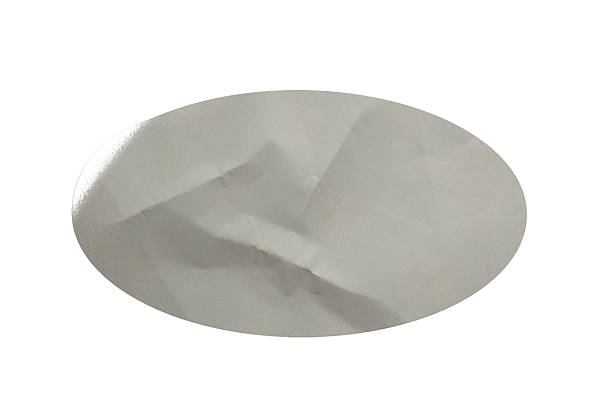 istock Blank Glued Paper Sticker Tag Label Texture 2209709857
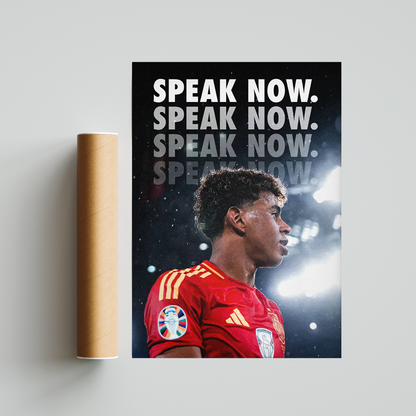 Lamine Yamal Poster Print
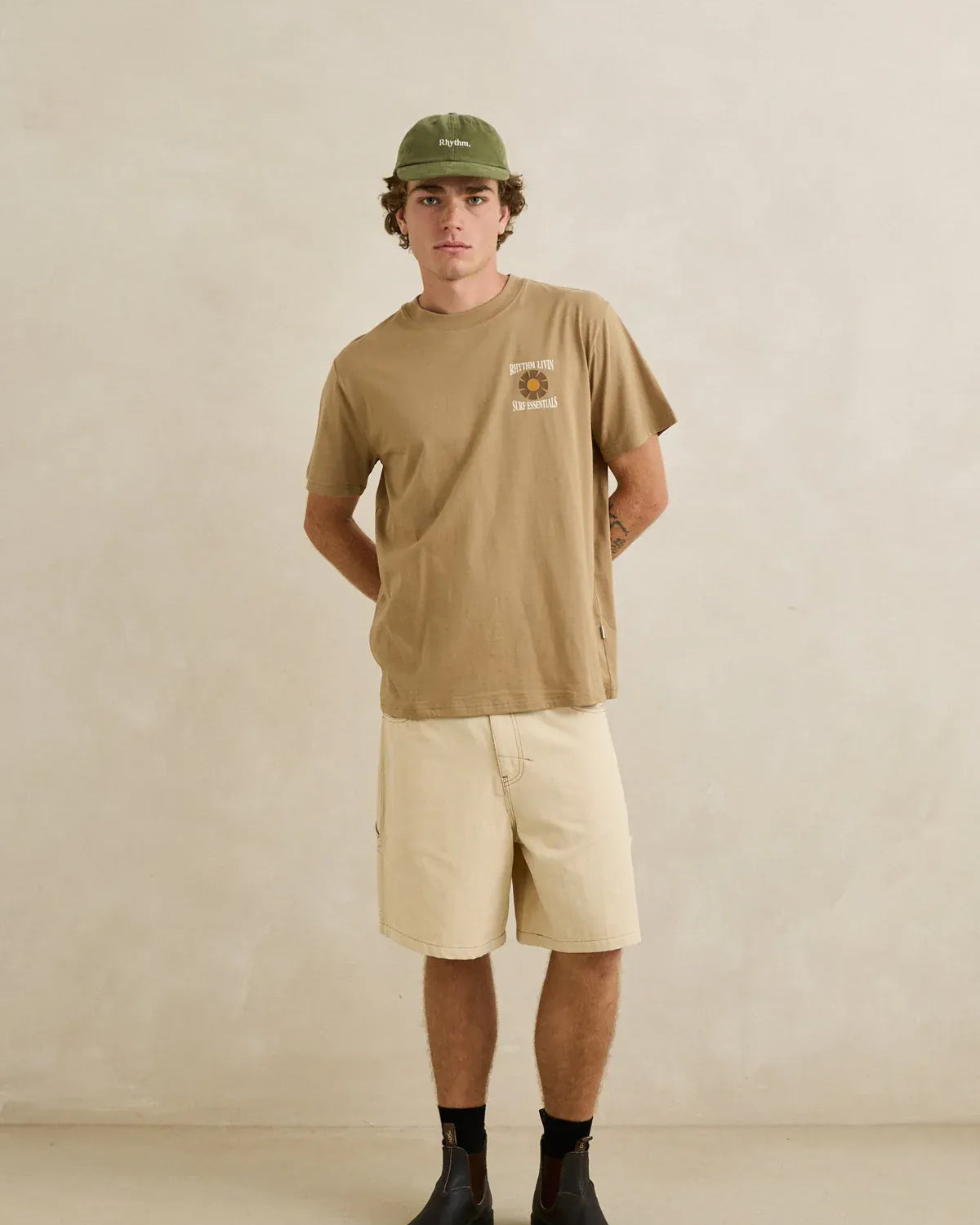 Rhythm Mens Rhythm Mens Surf Essentials SS T-shirts - Incense Rhythm Mens Surf Essentials SS T-shirts - Incense Splash Swimwear Mens Tee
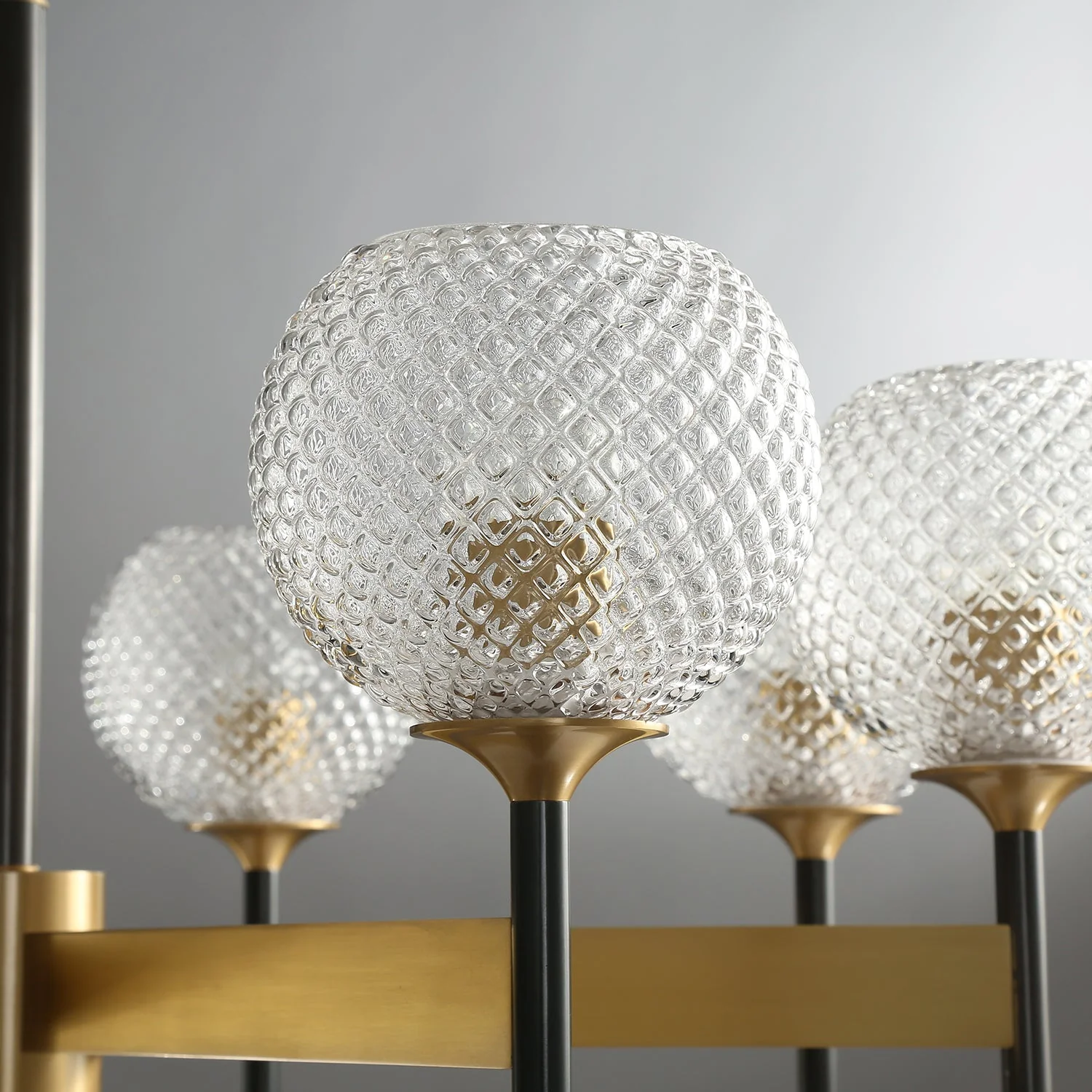 Orrefors Ball Brass Chandelier - Image 11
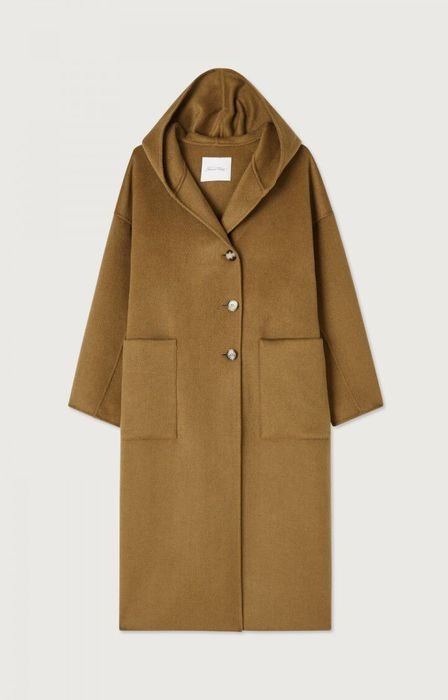 Женское American Vintage Пальто Чёрное XS-S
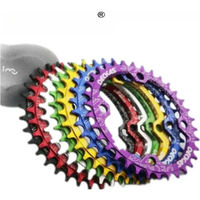 AliExpress NONE Deckas 104BCD Round Narrow Wide Chainring MTB Mountain bike bicycle 104BCD 32T 34T 36T 38T crankset Tooth plate Parts 104 BCD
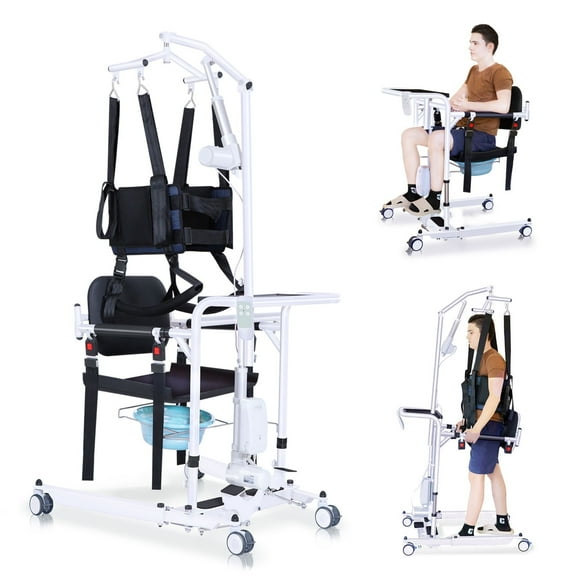Electric Transfer Lift Chair for Home, Assisting Elderly People in Walking with Electric Hoist Brackets, Upgrade Electric Patient Lift Transfer Chair for Car, Bathroom Transfer Lift Chairs for Senior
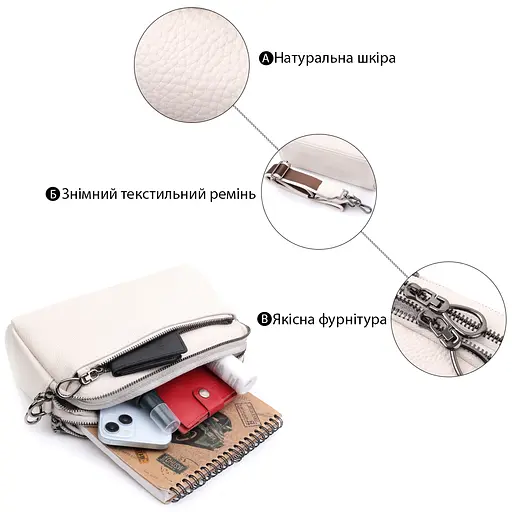 Кожаная женская сумка Vintage 25х14.5х8 см sum0026550 - фото 4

** INSTRUCTIONS FOR THE TASK **
Restate word for word, please, the line containing "Lamine Yamal Poster Print" and all lines after it through the end of the material; the pictures do not belong in the copy.

** TASK ANSWER **
 Lamine Yamal Poster Print
 Rhythm Mens Rhythm Mens Surf Essentials SS T-shirts - Incense Rhythm Mens Surf Essentials SS T-shirts - Incense Splash Swimwear Mens Tee
 Orrefors Ball Brass Chandelier - Image 11
 Женское American Vintage Пальто Чёрное XS-S
 AliExpress NONE Deckas 104BCD Round Narrow Wide Chainring MTB Mountain bike bicycle 104BCD 32T 34T 36T 38T crankset Tooth plate Parts 104 BCD
Electric Transfer Lift Chair for Home, Assisting Elderly People in Walking with Electric Hoist Brackets, Upgrade Electric Patient Lift Transfer Chair for Car, Bathroom Transfer Lift Chairs for Senior
 Кожаная женская сумка Vintage 25х14.5х8 см sum0026550 - фото 4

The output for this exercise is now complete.